'??' Not a valid unicode character, but in the unicode character set?
- by Steve Cotner
Short story: I can't get an entity like '𠂉' to store in a MySQL database, either by using a text field in a Ruby on Rails app (with default UTF-8 encoding) or by inputting it directly with a MySQL GUI app.
As far as I can tell, all Chinese characters and radicals can be entered into the database without problem, but not these rarely typed 'character components.' The character mentioned above is unicode U+20089 and html entity 𠂉
I can get it to display on the page by entering <html>𠂉</html> and removing html escaping, but I would like to store it simply as the unicode character and keep the html escaping in place.
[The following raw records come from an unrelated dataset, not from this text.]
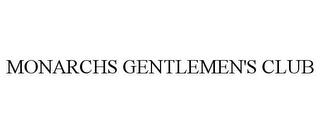 MONARCHS GENTLEMEN'S CLUB trademark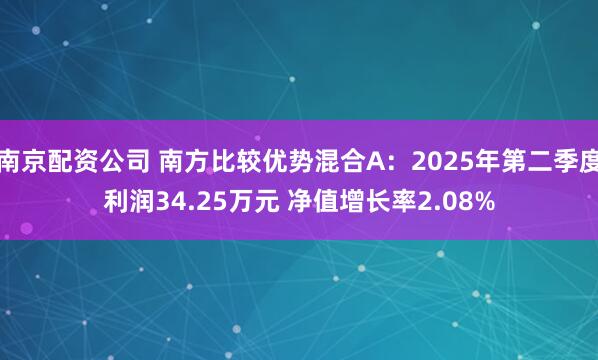 南京配资公司 南方比较优势混合A：2025年第二季度利润34.25万元 净值增长率2.08%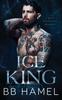 The Ice King : A Dark Possessive Romance : 1 Book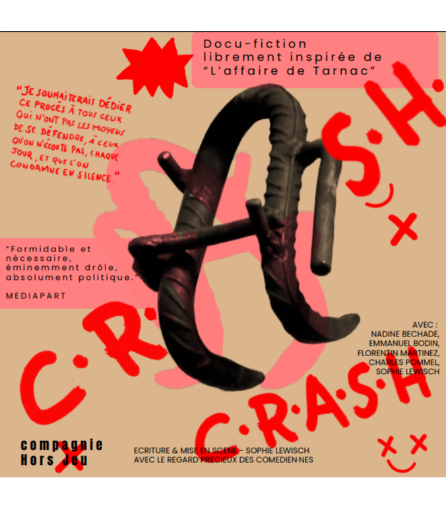 Affiche du spectacle C.R.A.S.H.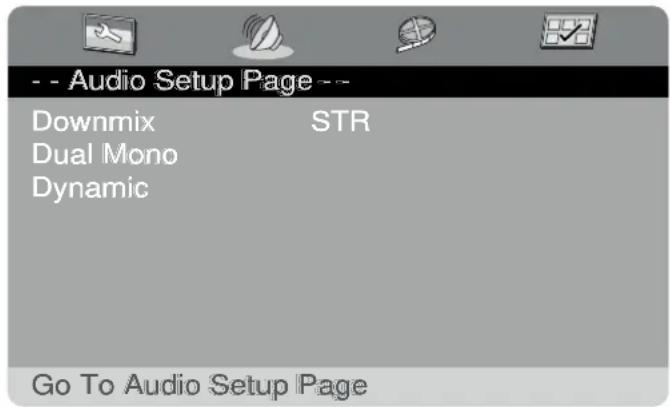 -- Audio Setup Page -- Downmix STR Dual Mono Dynamic Go To Audio Setup Page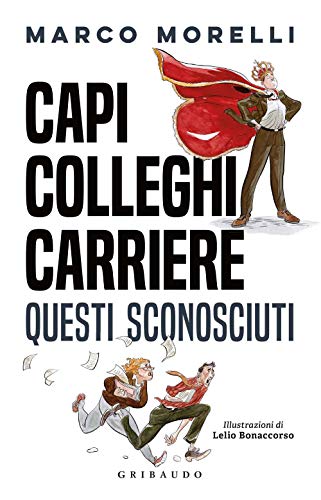 9788858025970: Capi, colleghi, carriere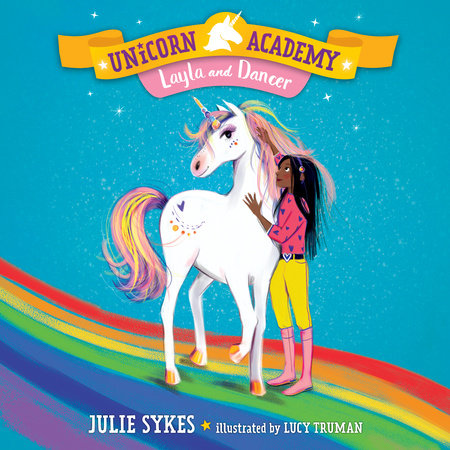 Unicorn Academy #5: Layla and Dancer by Julie Sykes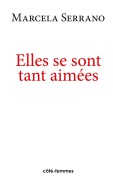 Cover-Bild zum Titel 'Elles se sont tant aimées' von 'Marcela Serrano'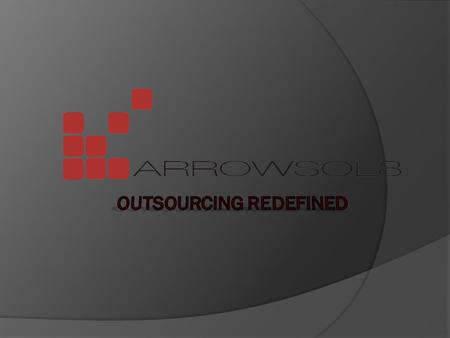 Arrowsol8, what we do, how we do, how do you benefit. Arrowsol8, opened for business in 2007, mainly concentrating on Recruitment Process Outsourcing.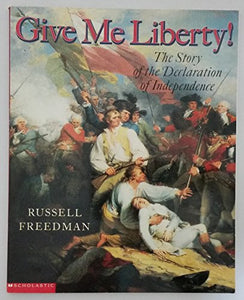 Give Me Liberty, The Story of the Declaration 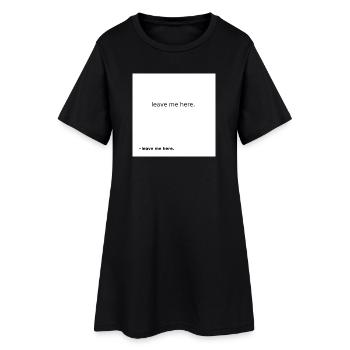Leave Me Here Minimal Statement Shirt - Frauen T-Shirt-Kleid - Schwarz - Vorne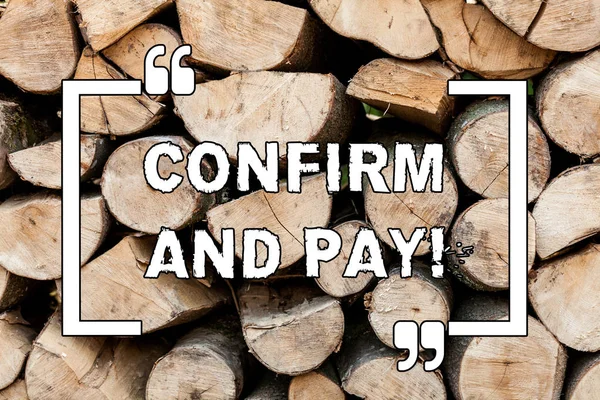 A kézírás szöveg írásban erősítse meg és fizet. Koncepció, azaz kijelenti, a beszerzés és a fizetés megerősítés fa háttér szüreti fa vad üzenet ötletek szándékok gondolatok. — Stock Fotó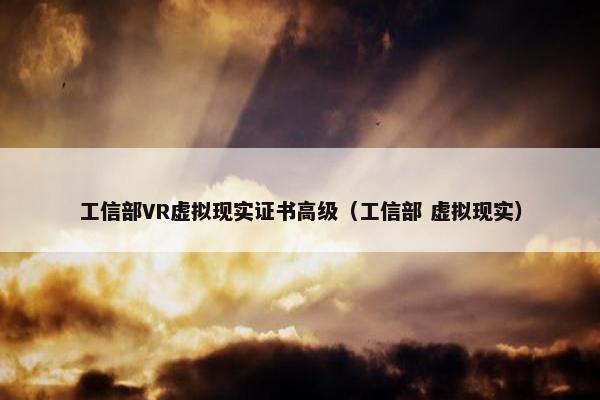 工信部VR虚拟现实证书高级（工信部 虚拟现实）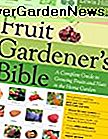 Biblia grădinarilor de fructe: un ghid complet pentru cultivarea fructelor și fructelor cu coajă lemnoasă în grădina casei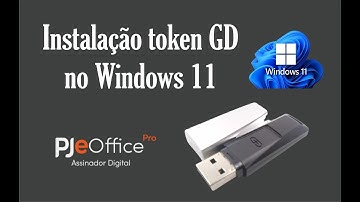 Como instalar token GD Certificado Digital no Windows 11 PjeOffice Assinatura Digital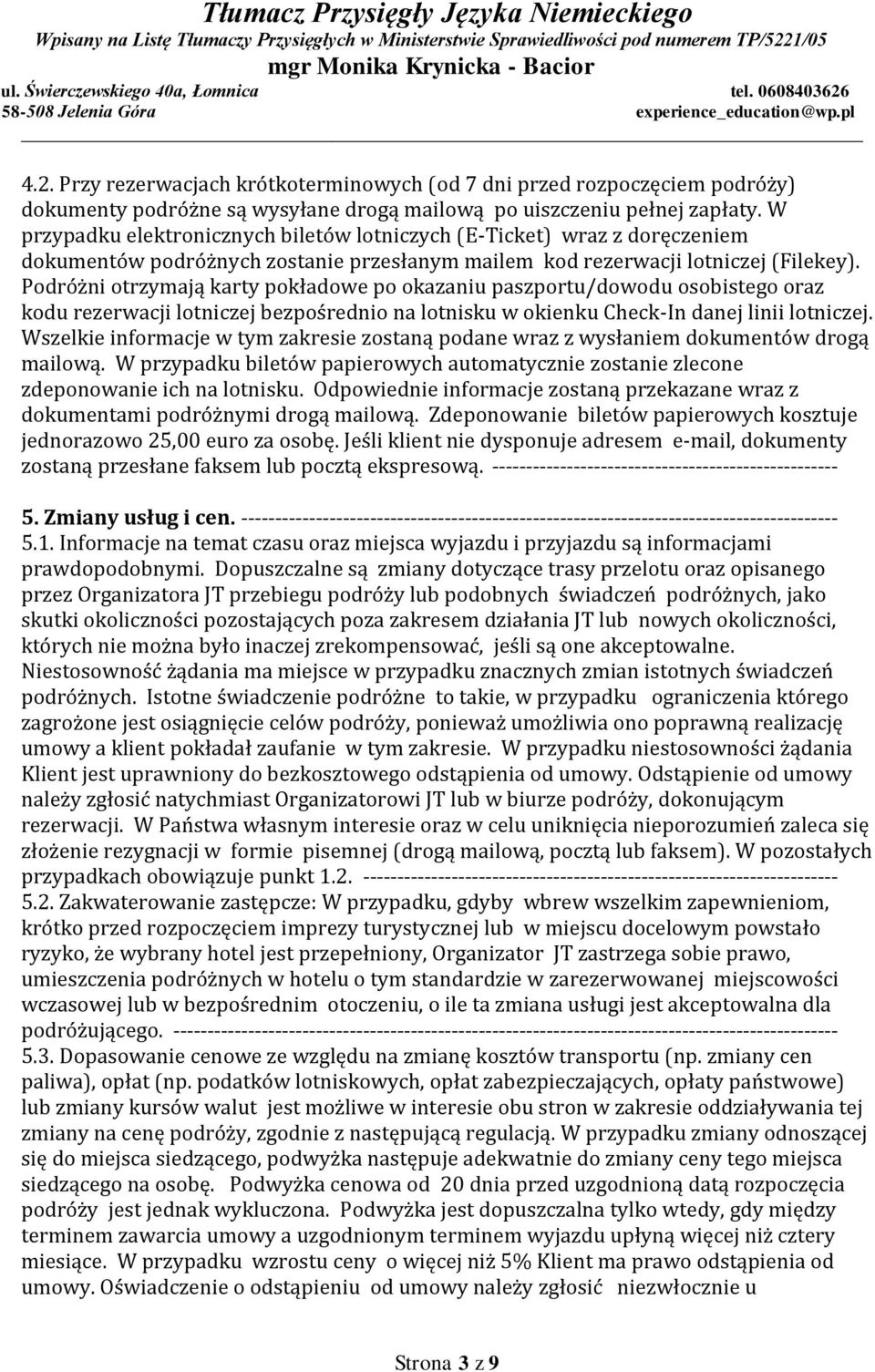 Podróżni otrzymają karty pokładowe po okazaniu paszportu/dowodu osobistego oraz kodu rezerwacji lotniczej bezpośrednio na lotnisku w okienku Check-In danej linii lotniczej.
There are many other Chinese 'components' (parts of full characters, generally consisting of 2 or 3 strokes) that cause the same problem.
According to this page, the character mentioned is in the UTF-8 charset: http://www.fileformat.info/info/unicode/char/20089/charset_support.htm
But on the neighboring '...20089/index.htm' page, there's an alert saying it's not a valid unicode character.
For reference, that entity can be found in Mac OS X by searching through the character palette (international menu, "Show Character Palette"), searching by radical, and looking under the '?' radical.
Apologies if this is too open-ended... can a character like this be stored in a UTF-8-based database? How is this character both supported and unsupported, both present in the character set and not valid?